North Carolina Governor Roy Cooper released a statement supporting Folt and the university. 

"I appreciate the Chancellor's actions to keep students and the public safe. North Carolina is welcoming to all, and our public university should reflect that," Cooper said. 

The North Carolina Division of the Sons of Confederate Veterans expressed disappointment at the statue's removal in an emailed statement.

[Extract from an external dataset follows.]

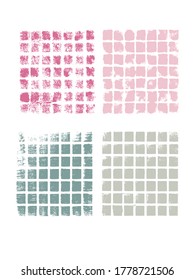 Set of four colorful squares abstract textures from paint brush, transparent background. Noise, grain, grunge texture. For overlay, montage, shading. Abstract vector illustration. Easy to recolor.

"The North Carolina Division of the Sons of Confederate Veterans is disgusted by the extent to which Chancellor Folt and the University of North Carolina will go to break our state's laws and ignore the will of the people," the statement reads. "Yet again, Chancellor Folt has violated the confidence of the people of North Carolina by ordering the removal of what remains of Silent Sam, UNC's Confederate memorial. First, she allowed Durham communists to tear the statue down, and now she is acting unilaterally to break the law and remove what's left so that nothing remains to honor the University's sons who died in the War Between the States. As the last act of a desperate woman on her way out, she has effectively erased the contribution and sacrifice of these brave veterans and the tribute paid to them by subsequent generations. Folt's legacy at UNC, which primarily consists of academic athletic scandals and a generally declining quality of scholarship, will now include race-baiting, historical revisionism, and illegal acts. We are eager to see her on her way and a failure by the Board of Governors and/or the Board of Trustees to immediately terminate her employment without waiting for the end of the school year would be a complete failure of their duties."